Christmas tree farmers have renewed their push for the creation of a marketing and research program that conservative critics have dubbed a "Christmas tree tax." The U.S. Department of Agriculture (USDA) in 2011 moved to create a marketing and research program for Christmas trees that would have been similar to the "Got Milk?" or "Pork: The other white meat" campaigns. But the promotional push was put on hold amid an uproar from conservative groups and anti-tax advocates.

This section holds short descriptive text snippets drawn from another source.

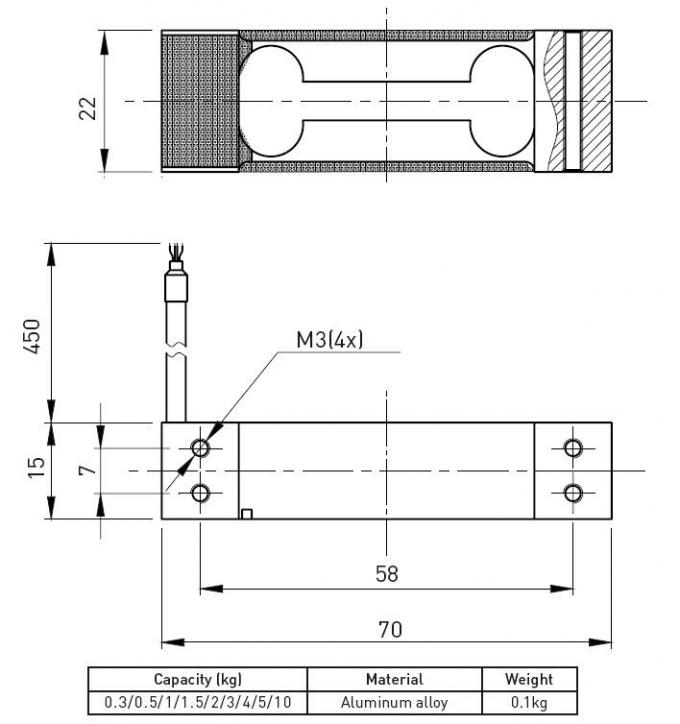 Tipo único sensor da compressão da pilha de carga da liga de alumínio da medida da força do ponto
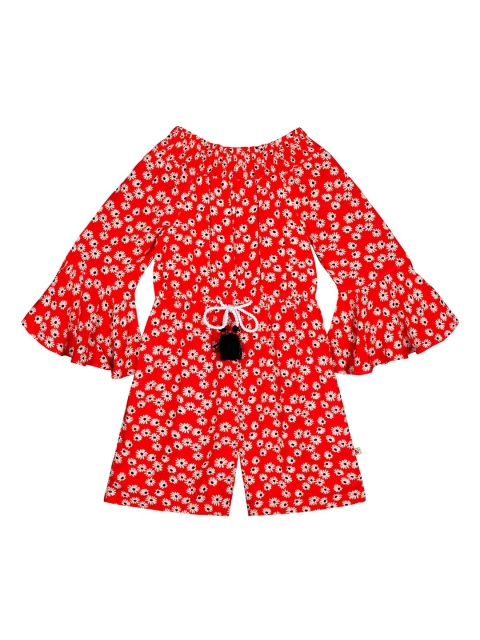 

Budding Bees Girls Red & White Printed Basic Jumpsuit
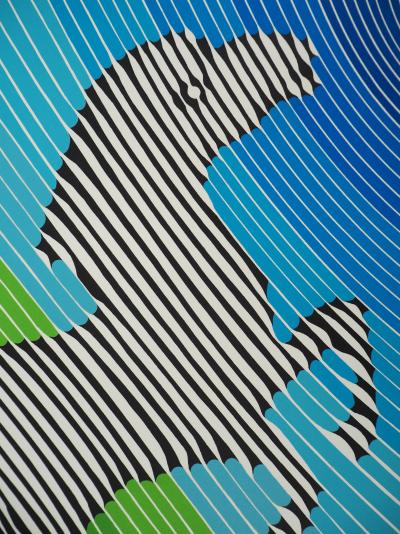 Victor VASARELY : Composition cinétique, Zèbre cabré, Sérigraphie originale signée 2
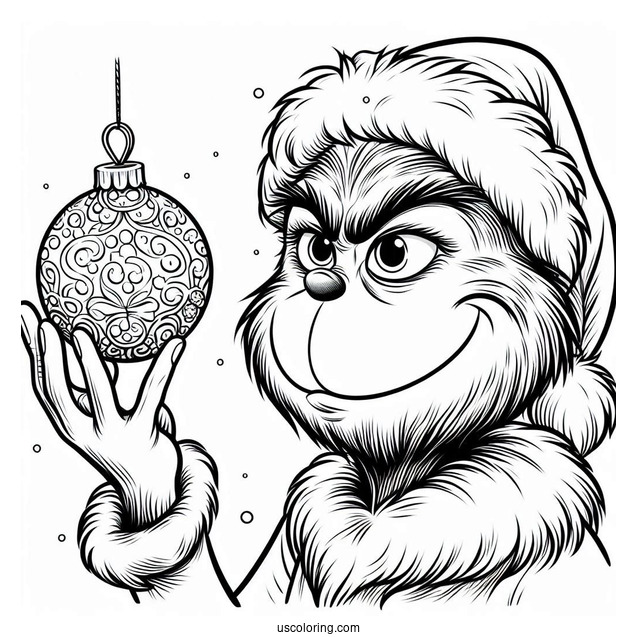 Grinch Holding Bauble Christmas Ornaments Coloring Page For Kids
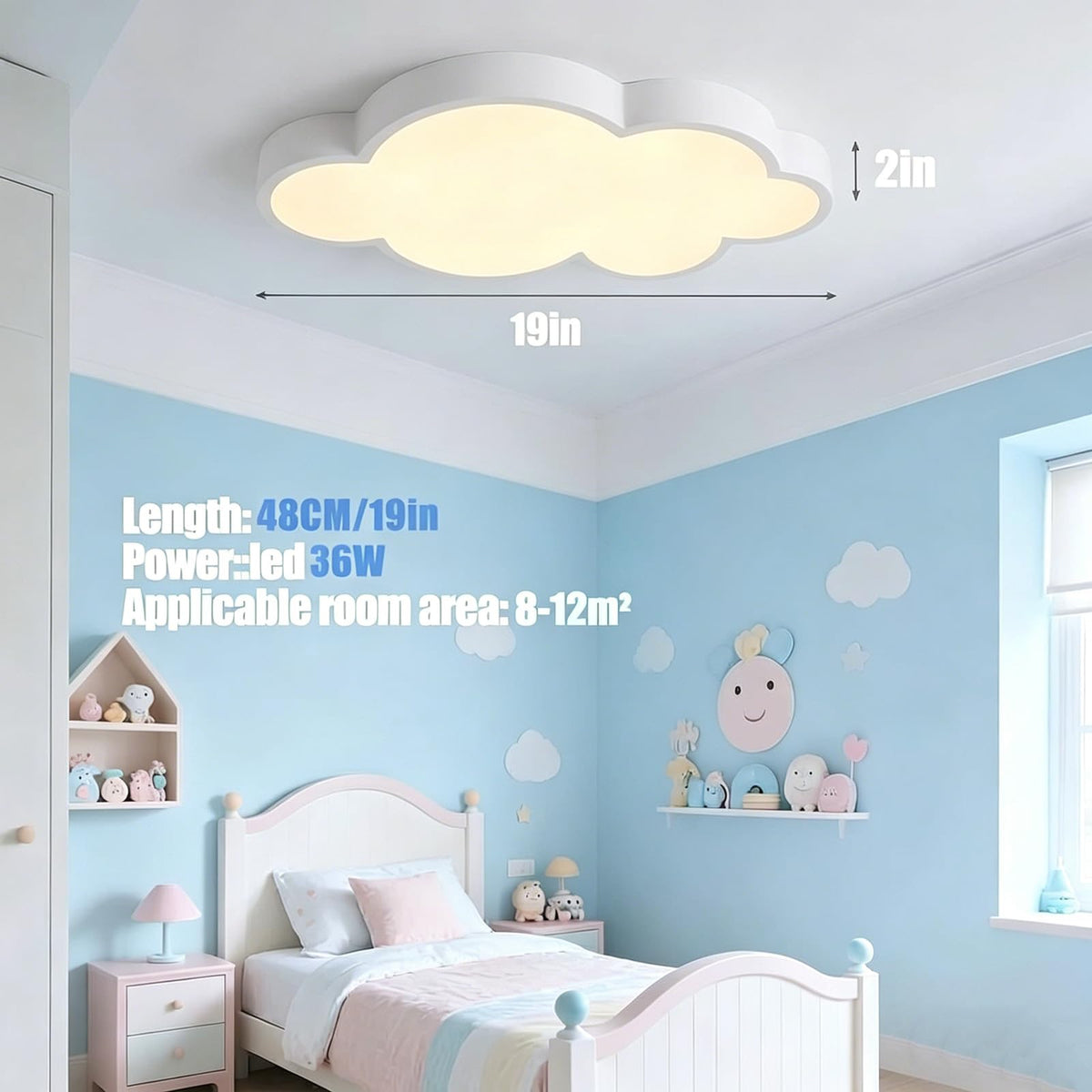 Cloud Shape Led Ceiling Light, with Remote Control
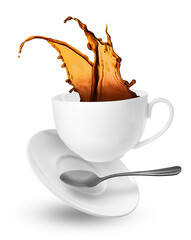 Aromatic tea, ceramic cup, saucer and spoon in air on white background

Farmers haven't given up on the idea, and are now pushing to have the program authorized in the farm bill legislation that is being negotiated by the House and Senate.
There's an unfortunate pattern that emerges from time to time: a sensible policy measure will be considered, the right will misinterpret what the policy is, a deeply stupid controversy will ensue, and the policy itself will be shelved because of the inanity that often burdens our public discourse.

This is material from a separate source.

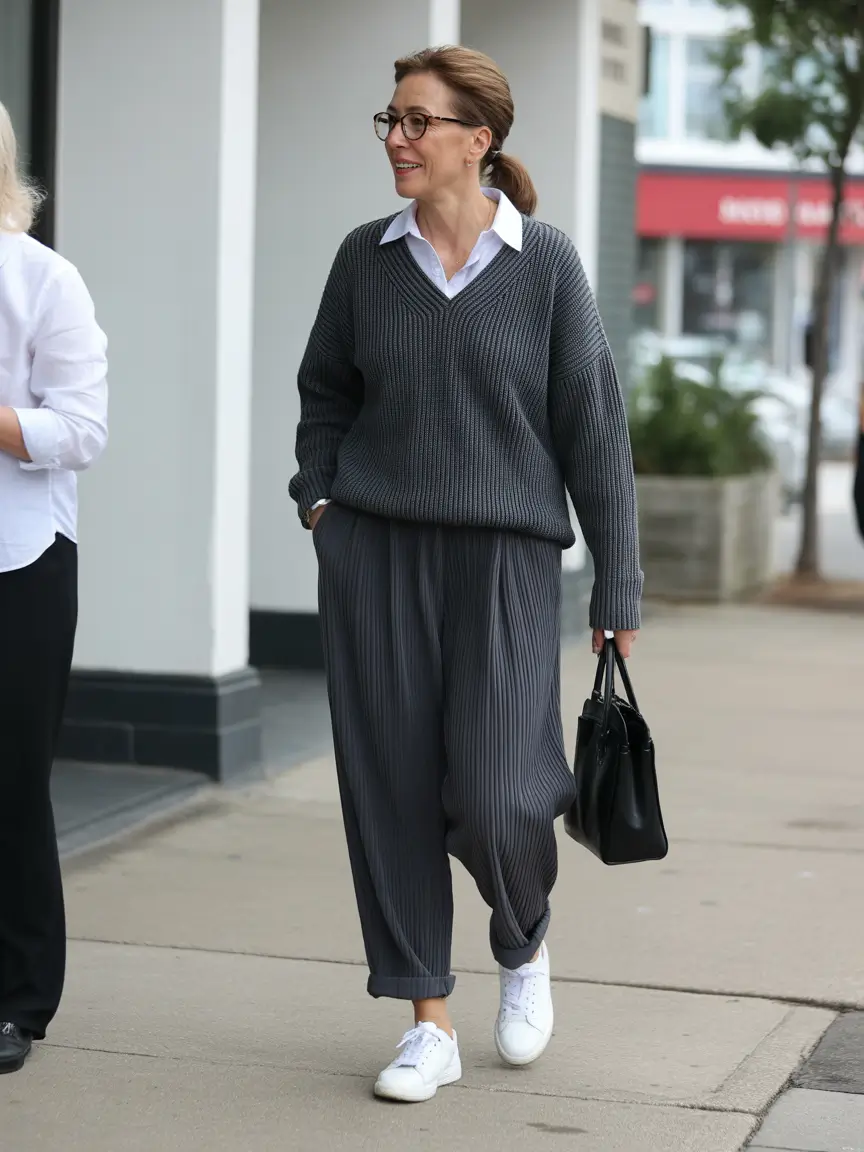 Oversized Grey Sweater and Wide-Leg Trousers for Cozy Comfort Oversized Grey Sweater and Wide-Leg Trousers for Cozy Comfort — Casual Winter Outfits for Women Over 50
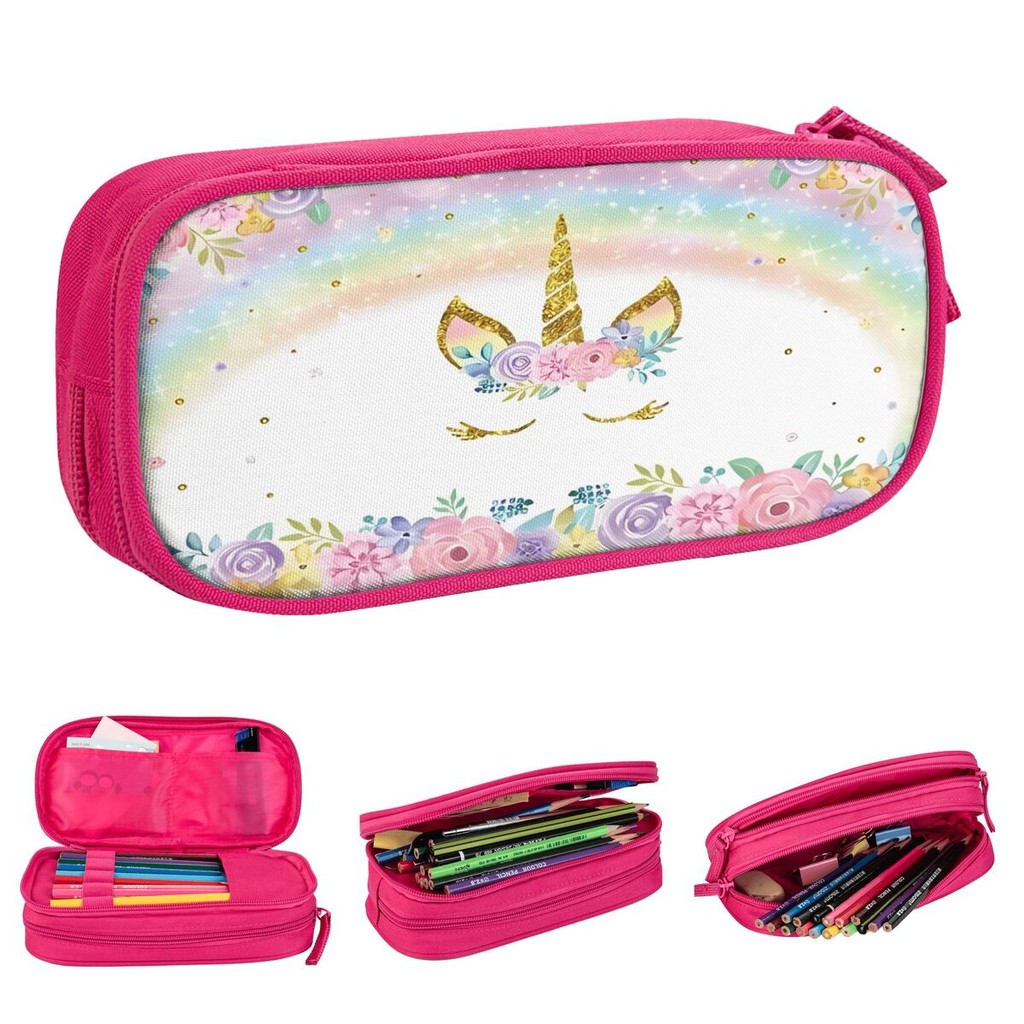 

Rainbow Unicorn Cute Pencil Case Cartoon Pen Bag Girls Boys Big Capacity School Supplies Cosmetic Pencilcases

Consider, for example, a 2011 story involving Christmas trees. The industry, losing market share to artificial trees and foreign imports, eyed a national promotional campaign, similar to the programs that boosted the milk, cotton, and pork industries. Organizers launched the Christmas Tree Promotion, Research and Information Order, which included asking the Agriculture Department to approve a 15-cent fee, per tree, on domestic producers and importers.
No taxpayer money was involved, and the whole idea was requested by the industry, to benefit the industry, and to be paid for by the industry. The Agriculture Department solicited public feedback and then gave the industry the green light to proceed.
Within a week, right-wing activists had gone berserk, insisting the Obama administration wants to impose a new "tax" on Christmas trees. National Christmas Tree Association spokesman Rick Dungey tried to explain this "has absolutely nothing to do with Obama," and "it's not a tax," but it was too late -- the organized outrage spread and the measure was scrapped.
But here's the thing: the Christmas tree industry still likes the idea and still considers the promotional campaign important. It's not their fault conservative media lies derailed a worthwhile proposal, so they're hoping to give this another try.
Again, the campaign wouldn't cost taxpayers a penny -- the only reason the government is involved at all is that federal officials oversee USDA "check-off" programs -- and would presumably give U.S. tree farmers a boost.
The Heritage Foundation has said it will oppose the policy measure, citing "the principle of it."